By Joseph Autilio
Below, the Massachusetts Board of Registration of Real Estate Brokers and Salespersons answers queries by agents in the field regarding real estate licensing in Massachusetts.
Brokers Working for Brokers
Q. As a broker, can I work both for myself and for a real estate firm of another broker?
A. The relevant state licensing law is silent on this subject and, as such, nothing in it prevents you from doing so. Sometimes brokers confuse the salesperson affiliation requirement as being applicable to them. Salespeople must be affiliated with a broker and work for that broker for at least one year before they can become brokers. The prohibition on salespeople affiliating with more than one broker,
however, has no application to licensed real estate brokers in the Commonwealth. Therefore, brokers may work for themselves and other brokers. Situations in which brokers cannot affiliate with more than one broker are not a function of the relevant licensing law; rather, many firms have entered into contractual arrangements, typically referred to as “covenants not to compete,” with their affiliated brokers.
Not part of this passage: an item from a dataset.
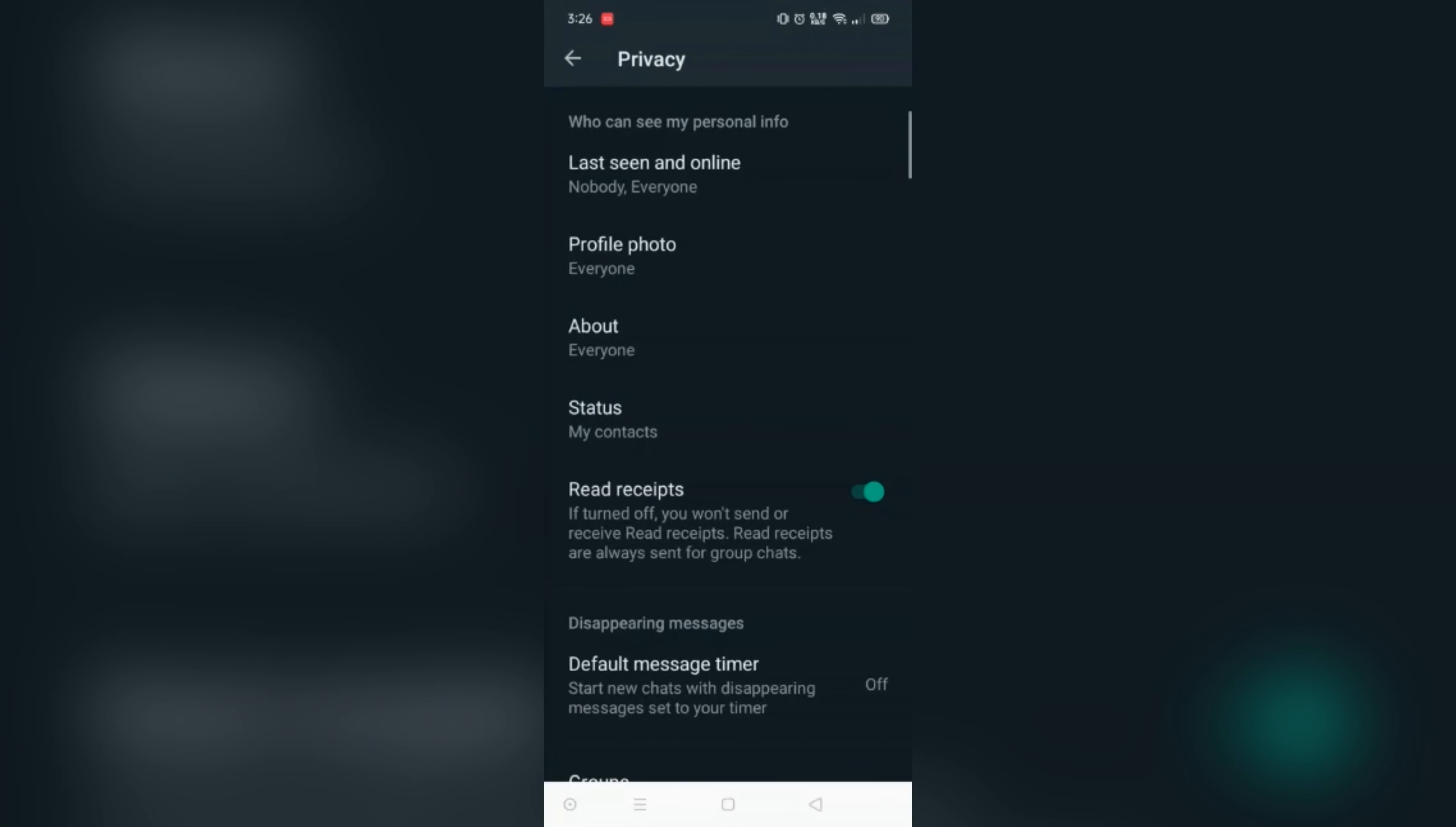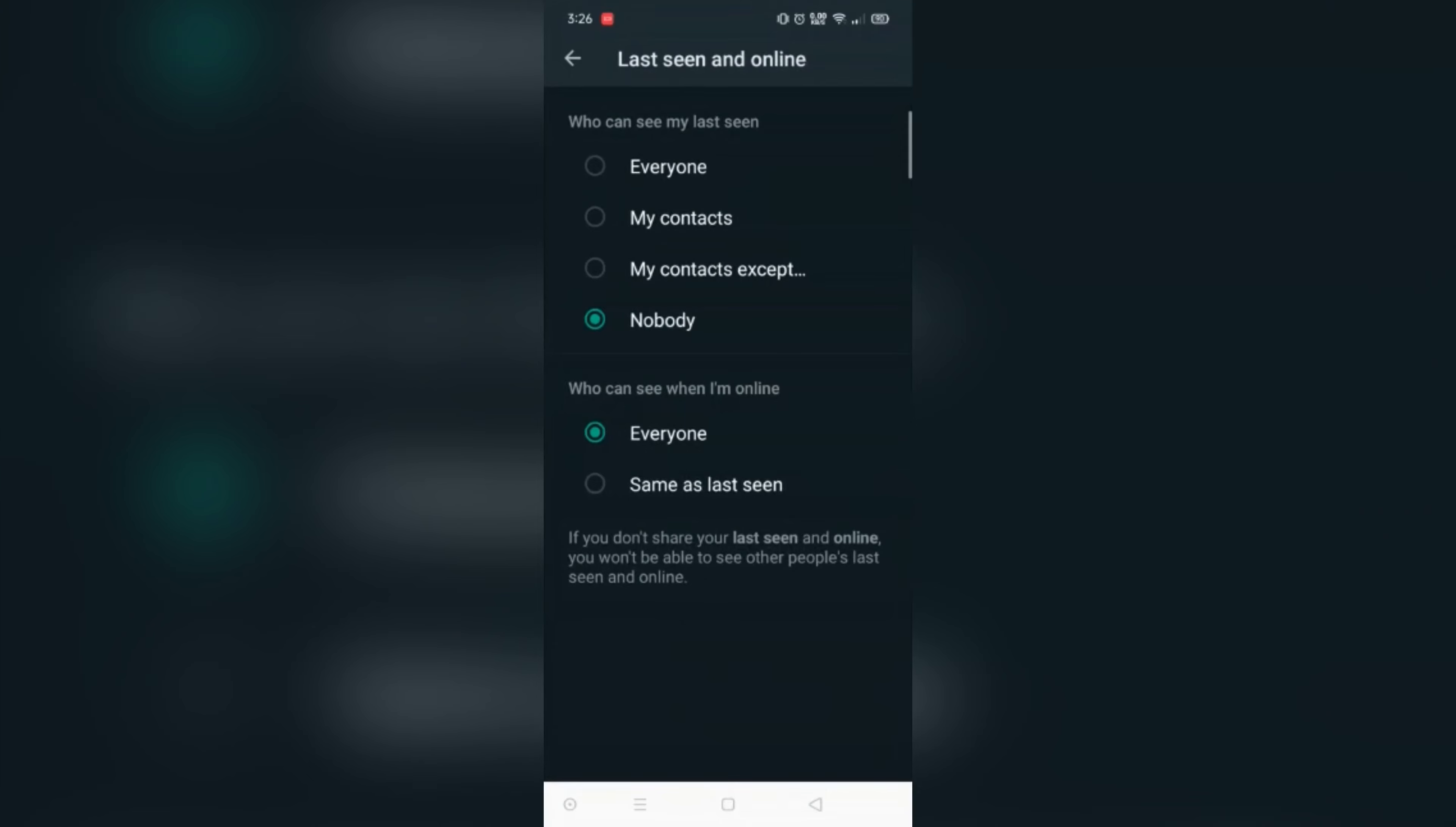As appears on screen, who can see my last seen, and at the bottom you can see who can see when I am online.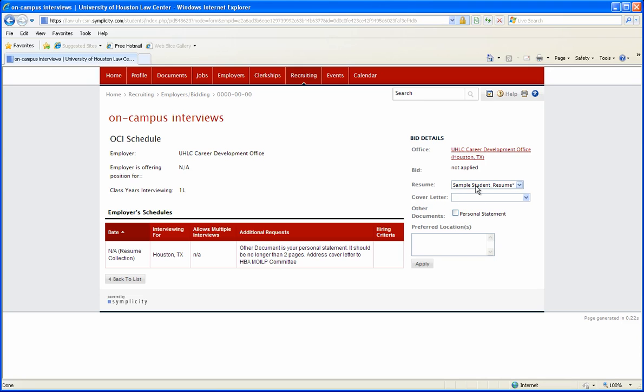As you can see, the resume has been selected. It's your default resume, and for the UHLC you'll want to address your cover letter to HBA MOILP committee. Prior to this video I uploaded all of the documents that we'll need in order to place your bids.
These agreements usually prohibit brokers from working on their own or with other brokers while affiliated with the firm and in some cases even after they leave that firm. While the Board has no real expertise with regard to such agreements, it is generally the law that so long as they are not “unconscionable” as to the geographic area that they cover and time period involved, then they are permissible.
Terminating Before Expiration
Q. Can I simply give up my real estate license as an agent to avoid a complaint?
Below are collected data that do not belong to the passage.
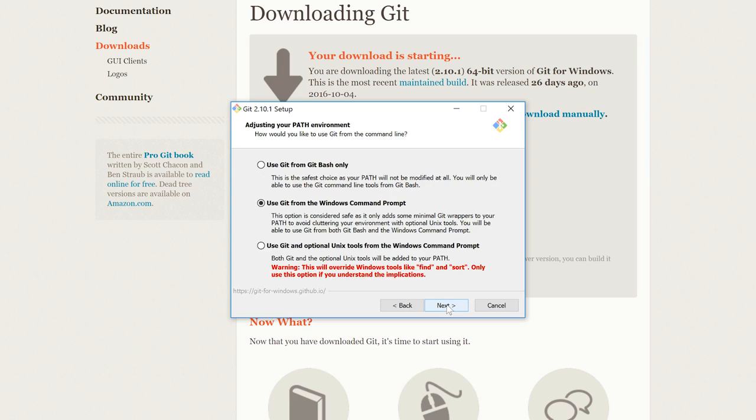Now when we get to this option, there's actually three choices here. Now I recommend the first option, which isn't the default, but it is the safest route. And by doing this, we can actually avoid changing anything on the path. So I'm going to actually come up here and click on Use Git from Git Bash only. But if you know what you're doing, you can certainly click on the second option to use Git from the Windows command prompt, or you can also use the third option.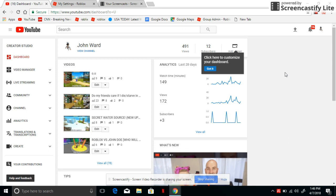On this channel in just two or three months, it's been insane. For the last 28 days I've been recording 149 minutes for the videos and got 172 views and three subscribers.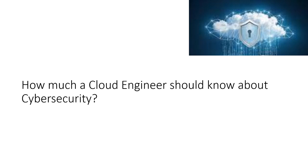The question is, how much should a cloud engineer know about cybersecurity? The short answer is a fair bit, and the long answer is that every IT professional in and outside of cloud must know about cybersecurity to some extent.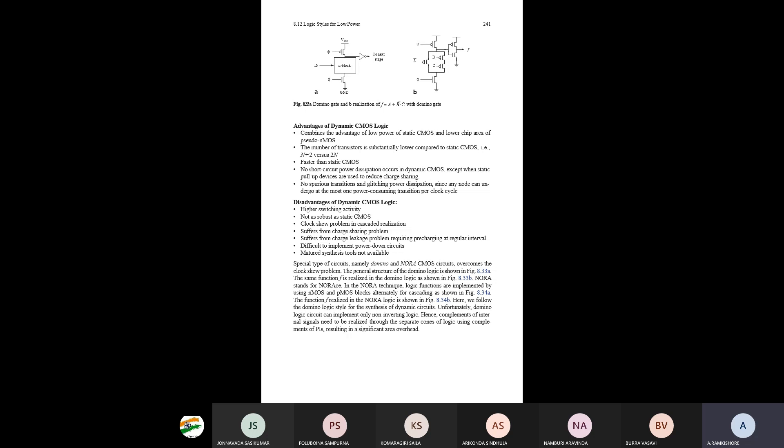We will discuss different types of domino and NORA CMOS categories. In dynamic CMOS circuits we use both N-block and P-block circuits. The main advantage of dynamic CMOS logic is that it combines the low power of static CMOS and the lower chip area of pseudo-NMOS.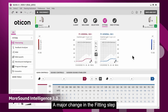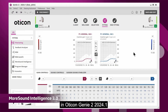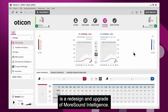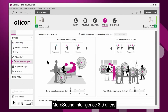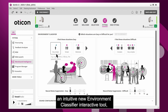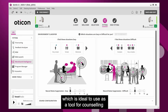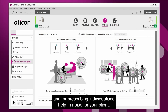A major change in the fitting step in Oticon Genie 2 2024.1 is a redesign and upgrade of MoreSound Intelligence. MoreSound Intelligence 3.0 offers an intuitive new environment classifier interactive tool, which is ideal to use as a tool for counselling and for prescribing individualised help in noise for your client.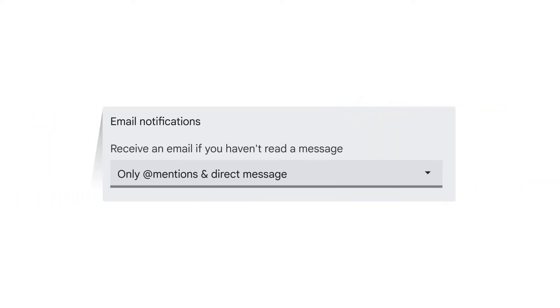Email notifications in Google Chat let you receive an email when you don't read a direct message or message you're tagged in. To enable this feature, select Only at Mentions and Direct Message from the dropdown.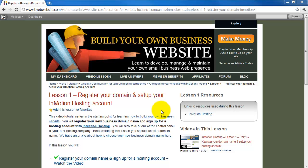This lesson assumes that you've selected a domain name, and that you have a hosting account with InMotion. If you have not yet taken this step, please read our article about this, and go through the steps of selecting your name and hosting account first.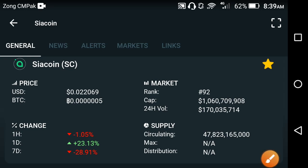Hey friends, welcome back to another video. Hope you are fine. In this video, once again I'm present with the latest update of the SEA coin. What is the current price of the SEA coin? What surprises tend to occur in the SEA coin? In this video, I will show you friends.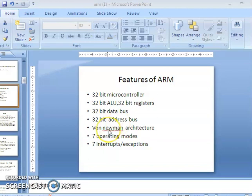ARM 7 follows the Von Neumann architecture, also called the Princeton architecture, which means the same memory is used for both program and data — we don't have separate memories for program and data. For ARM 9, ARM 10, and higher, they follow the Harvard architecture, which has separate memories for program and data.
A. No. While you can mail your license to the Board, doing so does not foreclose the Board’s inquiry into a complaint made against you, nor does it terminate the license. In fact, the license can only be
terminated in one of several ways. First, the license expires on its scheduled expiration date without renewal by the licensee. Secondly, the Board suspends or revokes a license after it initiates a formal complaint (Order to Show Cause) with an opportunity for a hearing; and thirdly, the licensee enters into a consent agreement with the Board suspending or revoking the license. Outside of these situations, the license will run for its full term, and returning it to the Board does not terminate it, nor does it defeat the jurisdiction of the Board over the licensee.
The Board’s jurisdiction extends to licensees even after a license expires, since the licensee has a statutory right to renew such expired license, provided that the conditions for renewal are satisfied. ollowing the opportunity for a hearing or through a consent agreement, the Board can suspend or revoke the licensee’s right to renew an expired license.